John Baker’s Collage Paintings: The Aesthetic Possibilities

Rather than having a conceptual purpose (that might very well be better or more appropriately articulated in words than in painting!) my goal as a painter is straightforward and timeless: to create, in the visual/emotional sense, very good paintings! In the service of this goal, in addition to accomplishing some of the actual painting myself, I appropriate pieces from found paintings. So, my collage paintings are collective efforts, accomplished by myself and by the painters whose works I appropriate.  I want the kinds of advantages Peter Paul Rubens gained for his artistic efforts by employing a large team of assistant painters in his workshop: time advantages and energy advantages that enhance the prospects for the prolific creation of large scale, extremely complex works. But my process is not merely similar to 17th Century Flemish and Dutch workshop practices, in which collective authorship was a commonplace for the sake of productivity. In the 17th Century workshops seamless uniformity of style was the only acceptable (indeed the only imaginable) outcome of collective authorship. But in my work, I explore and develop in the opposite aesthetic direction: within the boundaries set by coherence, I look to allow variety to speak between the different hands I choose for inclusion. In this sense my collage paintings are like visual choruses in which there is a richness of texture, of gesture and color choice and density, of emotional meaning and evocation, that no one voice could achieve. In another, secondary, sense, this shifting and variety in my work is true to the reality of life experience, with its endlessly changing, and sometimes discontinuous, moments.
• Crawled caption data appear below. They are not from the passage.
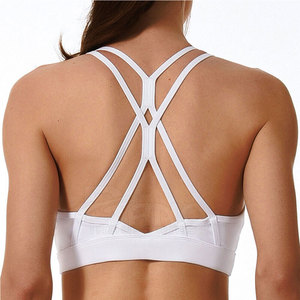 Sujetador de gimnasio personalizado para mujer en la mejor calidad de material, sujetador de Yoga de fitness transpirable de talla grande con logotipo de MOQ bajo incluido - Product Image 5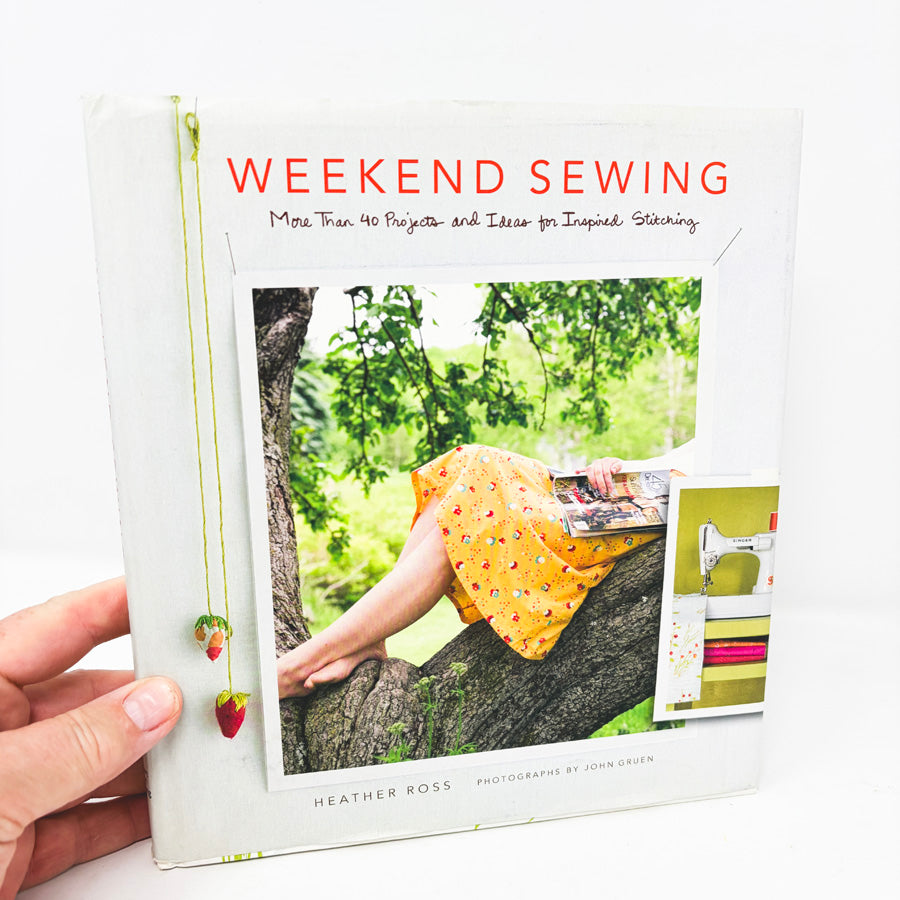Weekend Sewing Book by Heather Ross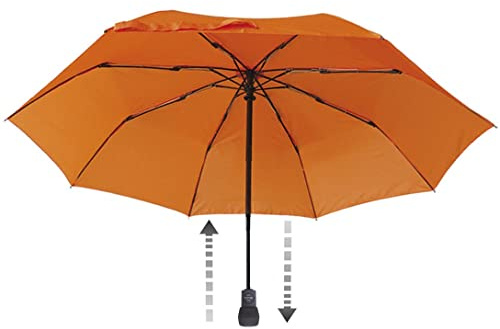 Euroschirm Trekking-Schirm Light Trek Automatic- orange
I believe it is extremely promising aesthetically/expressively to separate pieces of found paintings from their limitations in their original contexts. Liberated from their intended artistic function (and any “failure” to work in relation to the original artists’ intentions) these pieces are free to take on my newly imagined purposes for them and be far more successful in relation to their belonging in my collage.

There is also another aesthetic/perceptual advantage to the constant shifts in the styles of representation. The continual shifting not only promotes the pictorial virtue of freshness; it also pre-empts the possibility of the viewer focusing on any one style and from there considering its general limitations. Not allowing the viewer to “get through” the representation to a critical or skeptical look at the style in which it was achieved keeps focus more on the represented and less on such academic issues as skill, degree of realism and polish.

Characters and Personalities: Recent Collage Paintings by John Baker

In these works the focus is on faces that are reminiscent of the “impossibilities” in Magritte’s images. What is at issue here, as often in Magritte’s Surrealism, is optical illusion. However, my optical illusions have psychological content. The collaged components of the faces are appropriated from different source paintings and are sufficiently discordant to stand together expressively for tenuously integrated fragments of personality, incoherences of mood, or otherwise precariously organized aspects of the inner and outer self. In this way I have created a new possibility for the relationship between materials and meaning in collage.

The spatial positions of the collaged pieces shift, like optical illusions, in relation to the perceptual organization found for them by the viewer. Next to and behind mask-like halves of faces lurk inner selves that seem to move forward as the eye of the spectator integrates the two sides into a synthesized face. These “inner self” components then retreat spatially as the face begins once again to break apart. Often slight scale discrepancies between the two sides contribute to these illusions, the larger half advancing (as the mask, or aspect of the self most usually presented to the world) and the smaller half receding (as the withheld, or less-often-appearing aspect of the self).

One is reminded of the psychoanalytic observations that understand personality as an accretion of more or less imperfect incorporations of other selves. And here is the perfect match between my process and the content of my work: the assembling of the collages recapitulates the accretion of components in personality just as the completed images resemble cobbled together selves!!

Technically and procedurally, much of the actual painting I accomplish in these works takes place along the seams between collaged pieces. It is necessary to make the disparate facial components appear to belong coherently to an integrated image, just as everyone endeavors to present themselves to the world of others as someone whose self makes sense. But I do not try to make the seams disappear altogether, for this would minimize or even obliterate the psychical intensity of the works by excessive blending.

The characters and personalities are neither just realistic descriptions of the actual appearance of faces nor just ideographic hypotheses about the nature of personality. They are both simultaneously, in order to compel in two ways: by the credibility of their naturalistic resemblance and by their plausibility as ideas describing the chaos within innumerable personalities in the world.

Historically, much of even the best collage has failed to create more than easy-to-achieve disjunctions and incongruities. But I believe that my work has moved beyond this limit to new visual articulations of the complexity and fragmentation of the self.